Türk Oto Sanayine Giriş 101
TÜRK SANAYİ DEVRİMİ
Sanayi, endüstrileşme, AR-GE, üretim... Bir saniye; arabanın yarısını keserek tabanını zemine yapıştırmak suretiyle arabanın fabrikasını arabayı ürettiğine pişman etmek AR-GE’den sayılmıyor sanırım. O zaman şöyle diyelim: sanayi; usta-çırak ilişkisi içerisinde mesleği öğrenmek isteyen yeni nesillere ustaların, mesleğin her ince ayrıntısını ahlak ve dürüstlük çerçevesi içerisinde aktardığı zanaat dalı. Yani en azından bir kısmı. Herkesin iyi ya da kötü muhakkak bir oto sanayiye yolu düşmüştür. Kimi bin pişman olur gittiğine, kimisi ‘’Allah razı olsun.’’ diyerek ayrılır sanayiden. İnsanlar çeşit çeşit olduğuna göre esnafın da birçok çeşidinin olması kaçınılmaz bir sonuçtur. İyilerden Allah razı olsun diyelim ama bizim konumuz kötüler.
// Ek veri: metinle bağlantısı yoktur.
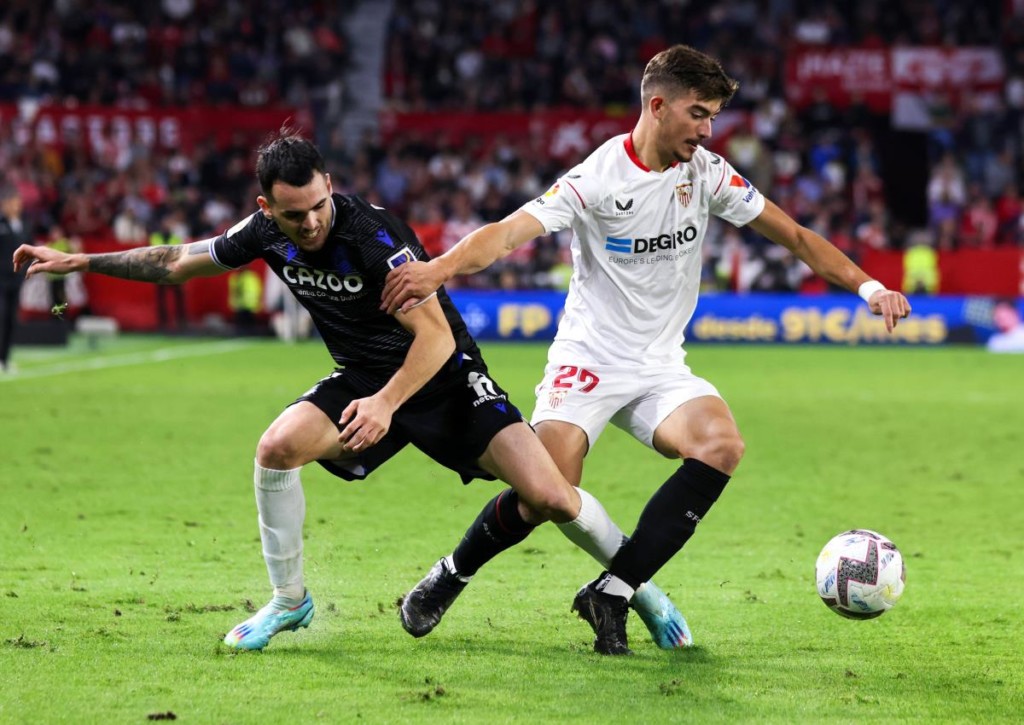 Behauptet sich Kike Salas mit Sevilla im Pokal gegen den Viertligisten Torremolinos?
Son zamanlarda trafiğin bir hayli kalabalıklaştığı herkesin hem fikir olduğu bir konudur. Bu demek oluyor ki sanayideki her esnafa bir şekilde iş fırsatı doğuyor. Şimdi size, geneli kapsayan ortalama bir sanayi esnafı nasıl oluşturulur onun tarifini vereceğim. Biraz melankoli, her an kavgaya hazır olmak, bol miktarda kötü ve bel altı şaka, isteğe göre de eklenebilecek; serserilik, kısmi dolandırıcılık, organize suçlar gibi seçeneklerle sanayi esnafımız oluşturabiliriz. Bir nevi oyun karakteri oluşturuyormuş gibi de düşünebilirsiniz. Peki ama neden bu hale geliyorlar? “Bu film nerede kopuyor?” diye sorgular gibisiniz. O halde biraz daha alt modellerdeki üretim aşamasını inceleyelim. Minik mi minik, haylaz mı haylaz, kimi zaman çilekeş kimi zaman kurnaz. Evet doğru bildiniz. Ustaların yükünü minik bedenleriyle sırtlanan çıraklar, çıraklarımız. Böyle de söyleyince Allah dostlarından bahsediyormuşuz gibi oldu ama sakın öyle anlaşılmasın. Zira armut ağaçtan fazla uzağa düşmemiş, kalıp ne ise hamur ona göre şekillenmiştir. Sanırım yıllardır süregelen sorunun tek bir ifadeyle tanımını yapmış olduk.